Associate Professor, Women's, Gender and Sexuality Studies

Wendy Smooth, associate professor, women’s, gender and sexuality studies, was selected by the White House Council on Women and Girls to participate in the White House conference, “Advancing Equity for Women & Girls of Color: A Research Agenda for the Next Decade,” held on Nov. 13, 2015.  Smooth was selected as one of the foremost voices writing on the experiences of women of color as law makers and women of color in public policy.

At Friday’s day-long summit, the White House revealed a plan to renew commitments to uplift the lives of women and girls of color. What did you learn about the agenda for the next decade and will you and Ohio State be involved in the effort?

At the summit, The White House announced two critical commitments to this effort -- one a $100 million, five-year initiative led by Prosperity Together, comprised of public women’s foundations from across the country including our own Women’s Fund of Central Ohio. The second is an $18 million funding commitment by the Collaborative to Advance Equity Through Research, an affiliation of American colleges and universities, research organizations, publishers and public interest institutions, led by Wake Forest University. The latter represents a clear path for Ohio State to join our peers in developing a research agenda that will help to address the significant gaps in our knowledge base regarding the experiences of women and girls of color. Over the next decade, researchers, activists, philanthropists and policy makers will unite to work toward improving the lives of women and girls of color.

How can universities empower women of color to live up to their potential as envisioned by President Obama in his address to the Congressional Black Caucus in 2014?

So much existing data is not disaggregated by race/ethnicity and gender, which impairs our abilities as researchers to fully investigate the experiences of women and girls of color. The White House has already taken steps to address this need by making information generated by the federal government more accessible and broken down by race/ethnicity and gender. This is an important start, and going forward future data collection efforts need to explore strategically oversampling to fully include women and girls of color in research.
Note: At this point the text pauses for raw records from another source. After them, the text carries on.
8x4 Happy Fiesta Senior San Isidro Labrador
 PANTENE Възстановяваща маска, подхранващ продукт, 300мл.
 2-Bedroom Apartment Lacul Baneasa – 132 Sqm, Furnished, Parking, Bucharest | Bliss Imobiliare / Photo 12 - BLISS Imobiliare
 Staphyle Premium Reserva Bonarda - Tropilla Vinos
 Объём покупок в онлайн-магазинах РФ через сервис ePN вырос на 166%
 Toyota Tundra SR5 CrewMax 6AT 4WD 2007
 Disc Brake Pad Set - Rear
I certainly see a role for researchers here at Ohio State to work in collaborations with our colleagues across the country who share a commitment to enhancing our knowledge base on women and girls of color. The summit focused our attention on several critical areas in need of our additional focus as researchers -- education, violence, health including mental health, economic development, criminal justice, and images of women and girls of color in the media -- areas the White House Council on Women and Girls identified from their initial research. The all-day summit marks just the beginning of collaborations between thought leaders in academia, government and the non-profit sector. I look forward to how we as a university community will join in these exciting efforts!

Talk about your own scholarship and research on women’s experiences in political institutions and the impact of public policies on women’s lives?

My own research on women of color state legislators demonstrates that they are the policymakers most likely to represent these interests as top concerns on their legislative agendas. Women of color state legislators will play a critical role in translating research into policy action. We first must equip them with the research and data they need to substantiate interventions that will improve the lives of women and girls in their states. The potential for long term substantive change is great, as more light is shed on the actual conditions women and girls of color face. This more intentionally intersectional approach to research and policy development is a significant move forward for the policymaking community and we, as researchers will play a critical role in equipping them with the data and findings that will provide a better understanding of the specificity of women and girls of color’s experiences. Such advancements in research and data collection will prepare women of color state legislators to move forward to propose the necessary interventions.